Una de ellas tiene que ver con cuánta atracción causaba el Perú en el mundo. Antes del golpe del 3 de octubre, los ciudadanos de Japón, China y de Asia en general solían desear con vehemencia emigrar al Perú. Era una tierra que prometía. Después del velasquismo todo el mundo quería emigrar del país y se arranchaba una visa de Estados Unidos o Europa. Ningún japonés se imaginaba en una ciudad peruana.

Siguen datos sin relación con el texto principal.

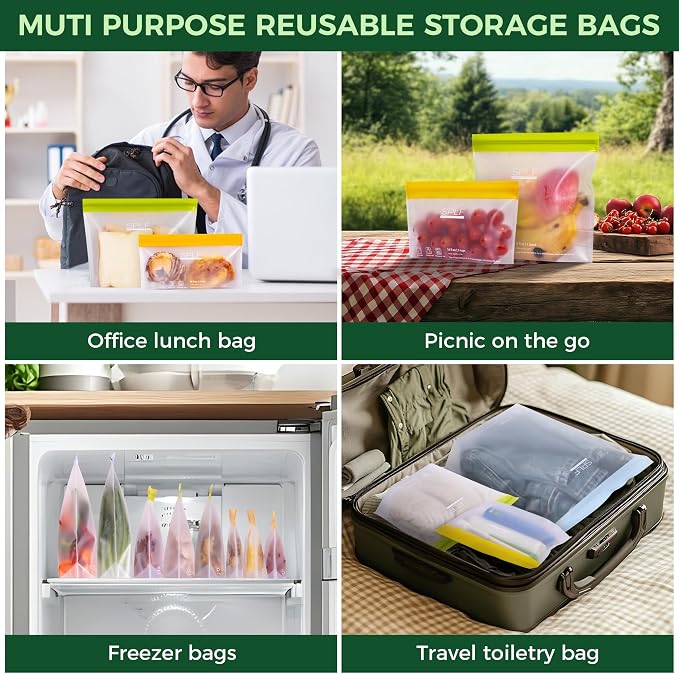 SPLF 10 Pack Stand-Up Reusable Food Storage Bags Dishwasher Safe, BPA Free Reusable Freezer Bags, Extra Thick Leakproof for Meal Prep, Sandwich, Bread, Veggies - 3 Gallon 4 Quart 3 Snack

Antes de la reforma agraria de Velasco, el Perú era una de las estrellas de la exportación mundial del azúcar y el algodón. Después del velascato, el Perú se volvió importador neto de azúcar. Incluso, en uno de los aniversarios de la revolución, Velasco tuvo que importar papa de Holanda para presentar la imagen de que nuestra papa nativa seguía por estos lares. En el Perú de entonces –como hoy en Venezuela– comenzó a faltar azúcar, papa, papel higiénico y todo lo demás. A inicios de los noventa, la democracia era incapaz de reformar el modelo velasquista. Y cuando la pobreza ya afectaba al 60% de la población, la gente comenzó a comerse a sus perros y gatos.
No hay cifra económica o social, y menos política, que justifique el velascato. Todo desapareció: la agricultura, la pesca y la minería. Sin embargo, ¿cómo así la izquierda desarrolla argumentaciones para defender el golpe del 3 de octubre? Se suele señalar que Velasco liquidó el Perú oligárquico y acabó con la exclusión racial.
No se puede negar que en el Perú de ese entonces existía el gamonalismo serrano y el racismo, que convocaban las iras de los indigenistas y de novelistas recordados. Sin embargo, el proyecto estatista no solo pretendió acabar con los rezagos coloniales, sino también con el capitalismo. Si había rezagos oligárquicos y el racismo soplaba en la sierra, era solo por la falta de capitalismo. No había otra explicación. Por ejemplo, la agricultura moderna, productiva y competitiva de la costa debió ser preservada y promovida a cualquier costo. Se pudo haber creado un sistema tributario que premiara la productividad y la reducción de pobreza, y que castigara a los latifundios improductivos de la sierra. Pero el anticapitalismo primó –a diferencia de las reformas agrarias del Sudeste asiático– y el Perú fue arrojado al abismo de la falta de libertades políticas y económicas.
Pero lo más grave con respecto al velasquismo es que la democracia en los ochenta –es decir, las administraciones de Belaunde y del primer alanismo– no se atrevieron a reformar el modelo estatista, y la economía se convirtió en sinónimo de déficit fiscal e hiperinflación para solventar la planilla de más de 200 empresas estatales. La civilidad política fracasó en el intento de reformar la economía y preparó el camino del 5 de abril y el fujimorato de los noventa. Fujimori pulverizó a combazos el velascato, pero sacrificó la libertad política.
El cierre inconstitucional del Congreso del 30 septiembre antecedió a la actual megarrecesión, y los defensores del velascato comienzan a señalar que es hora de “replantear el consenso alrededor de la economía neoliberal”. Ojalá que el Perú logre superar este trágico péndulo que nos lleva de un poco de capitalismo hasta el anticapitalismo total. Finalmente, la historia nos dice que todos nuestros problemas provienen de la falta de capitalismo.